With prom season, graduation, and the start of summer upon us, it’s more important than ever to be aware of teen alcohol abuse—and the very real threat of alcohol poisoning. While most parents are somewhat aware of the dangers of hard drugs, they may become overly comfortable or inadvertently complacent about their teens’ use of alcohol, thinking that drinking is just a right of passage and “not so bad,” especially in comparison to pills and hard drugs.
While telling your teen not to drink is unlikely to keep him or her from doing so, turning a blind eye is not only ignorant—it’s dangerous. Despite what many parents think, it is not safer for teens to drink “at home.” The illusion that kids are safe as long as they’re not drinking and driving is just that—an illusion. According to Anne Duval Frost, PHD, RN, founder and president of Project Community, Inc. (formerly known as Nurses’ Network of America), “People think they’re safe if they drink at home,” but, often, home is where many incidents of alcohol poisoning—which can all too easily become fatal—happen. “It happens at home and at parties, because this is where people tend to binge. The problem is that the body can only detoxify one drink per hour, so if you’re throwing back five shots of vodka, you’re talking five hours to detoxify.”
Unfortunately, once somebody has ingested an amount of alcohol that cannot be detoxified quickly enough, “All the hospital can do is keep them warm and keep them hydrated, but if the liver doesn’t detox in time, they die,” says Frost. “The brain stem controls breathing and cardiac function. If there is too much alcohol, it stops functioning.”
While Ronald Nutovits, MD, FAEP, chairman of Emergency Services at New York Presbyterian/Hudson Valley Hospital, advises that “prevention is best,” if kids do drink, it is paramount that both parents and teens recognize the signs of alcohol poisoning and know how to respond quickly and appropriately. First of all, he cautions, “Never leave your teen—or anyone—alone who is drunk. Make sure he or she can answer questions appropriately, and continue to observe the person to ensure that he or she is getting better, not worse, that he or she is becoming more, not less, alert.” In addition, adds Nutovits, “Alcohol is a caustic agent, so vomiting is common. The problem with vomiting is that a person who is very drunk may lose their gag reflex and aspirate. Don’t let them go to sleep because you don’t know if they’re getting worse. If they are vomiting, lay them down on their side with the head turned to the side so that the vomit comes to the side. Don’t let them lie on their back or stomach.”
Frost agrees: “Because there is no gag reflex, the vomit can go into your lungs. A lot of people think that hot coffee will sober up someone who’s drunk but, again, because there’s no gag reflex, the liquid can go into your lungs and you can literally drown.”
Nutovits explains that, “With alcohol poisoning, there is depression of the brain—heart, breathing, and temperature. If your child [or friend or family member] is not breathing as often, if they are becoming less alert or unresponsive, feel cold or their skin is pale, call 911.”
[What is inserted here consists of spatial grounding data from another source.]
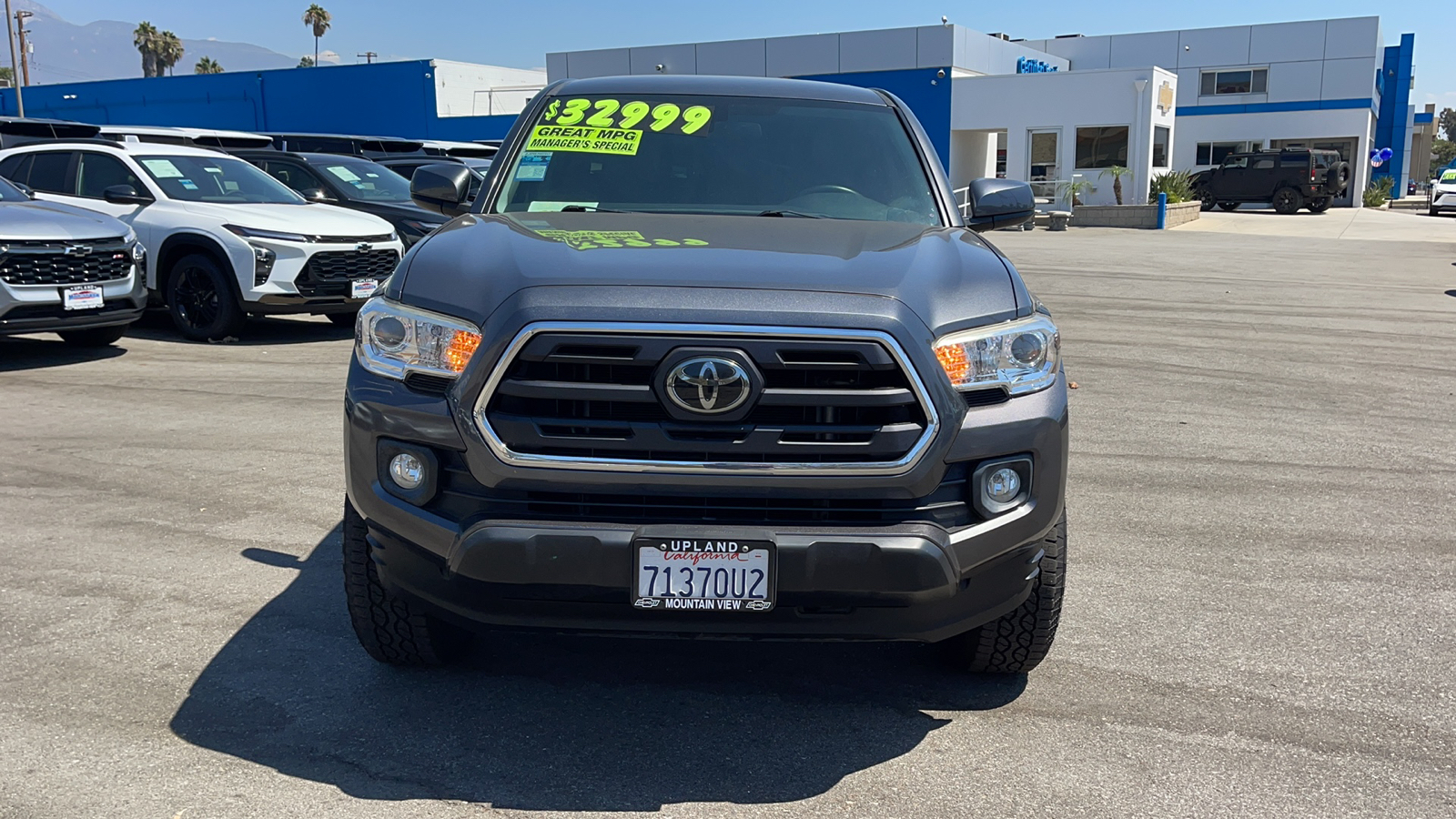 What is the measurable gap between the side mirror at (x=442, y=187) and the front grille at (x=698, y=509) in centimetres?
202

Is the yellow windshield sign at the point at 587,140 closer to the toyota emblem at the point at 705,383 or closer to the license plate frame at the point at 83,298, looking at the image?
the toyota emblem at the point at 705,383

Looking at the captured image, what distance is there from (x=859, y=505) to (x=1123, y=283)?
14.4 meters

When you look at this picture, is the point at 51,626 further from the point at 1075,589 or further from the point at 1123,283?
the point at 1123,283

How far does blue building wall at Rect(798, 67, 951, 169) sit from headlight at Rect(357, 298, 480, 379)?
117 ft

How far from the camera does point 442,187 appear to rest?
15.0 feet

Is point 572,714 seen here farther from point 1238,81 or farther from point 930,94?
point 1238,81

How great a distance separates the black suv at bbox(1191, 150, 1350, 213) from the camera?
38.5 m

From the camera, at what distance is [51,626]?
Result: 3.93 meters

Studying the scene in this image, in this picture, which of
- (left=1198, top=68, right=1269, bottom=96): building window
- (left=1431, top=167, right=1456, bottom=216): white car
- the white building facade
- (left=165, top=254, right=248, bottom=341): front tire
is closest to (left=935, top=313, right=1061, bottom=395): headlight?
(left=165, top=254, right=248, bottom=341): front tire

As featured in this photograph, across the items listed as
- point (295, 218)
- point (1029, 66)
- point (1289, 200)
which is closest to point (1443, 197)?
point (1289, 200)

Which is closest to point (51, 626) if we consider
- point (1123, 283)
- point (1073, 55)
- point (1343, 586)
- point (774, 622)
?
point (774, 622)

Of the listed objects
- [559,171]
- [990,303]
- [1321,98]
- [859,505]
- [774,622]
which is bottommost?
[774,622]

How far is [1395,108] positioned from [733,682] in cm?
6414

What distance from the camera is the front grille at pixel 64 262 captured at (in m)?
8.65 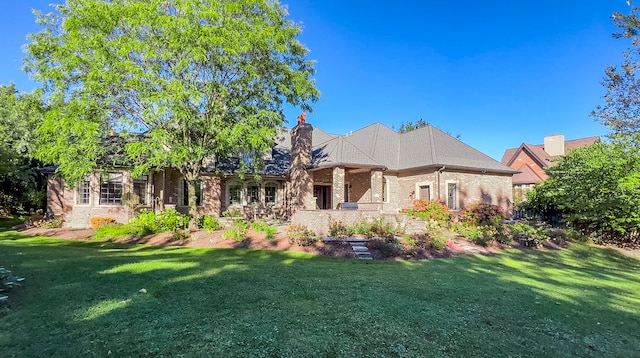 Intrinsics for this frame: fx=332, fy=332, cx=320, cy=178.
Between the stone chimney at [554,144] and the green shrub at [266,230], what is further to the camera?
the stone chimney at [554,144]

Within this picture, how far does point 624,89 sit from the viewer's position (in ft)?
43.5

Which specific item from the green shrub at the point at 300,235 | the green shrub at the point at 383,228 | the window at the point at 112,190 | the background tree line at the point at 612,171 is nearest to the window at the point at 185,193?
the window at the point at 112,190

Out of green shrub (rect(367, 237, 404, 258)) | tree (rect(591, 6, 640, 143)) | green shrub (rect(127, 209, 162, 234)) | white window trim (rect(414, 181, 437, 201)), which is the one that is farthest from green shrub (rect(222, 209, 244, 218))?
tree (rect(591, 6, 640, 143))

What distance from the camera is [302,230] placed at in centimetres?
1209

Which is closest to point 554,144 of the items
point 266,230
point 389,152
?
point 389,152

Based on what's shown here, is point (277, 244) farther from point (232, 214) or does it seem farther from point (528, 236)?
point (528, 236)

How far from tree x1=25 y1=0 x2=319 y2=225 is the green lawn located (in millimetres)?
5391

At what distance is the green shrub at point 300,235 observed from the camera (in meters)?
11.6

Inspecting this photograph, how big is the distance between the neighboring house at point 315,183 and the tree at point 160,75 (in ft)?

Both Nutovits and Frost concur that cold showers and hot coffee not only won’t help, but can do more harm than good. “The only thing that can make it better is time,” says Nutovits. “A cold shower doesn’t help, because their body temperature is already low.” And as Frost elaborates, “The problem with drinking is that your blood vessels dilate and you get cold, so, depending on their health, if you put them in a cold shower, it could kill them. Nothing speeds up sobering, except the liver.”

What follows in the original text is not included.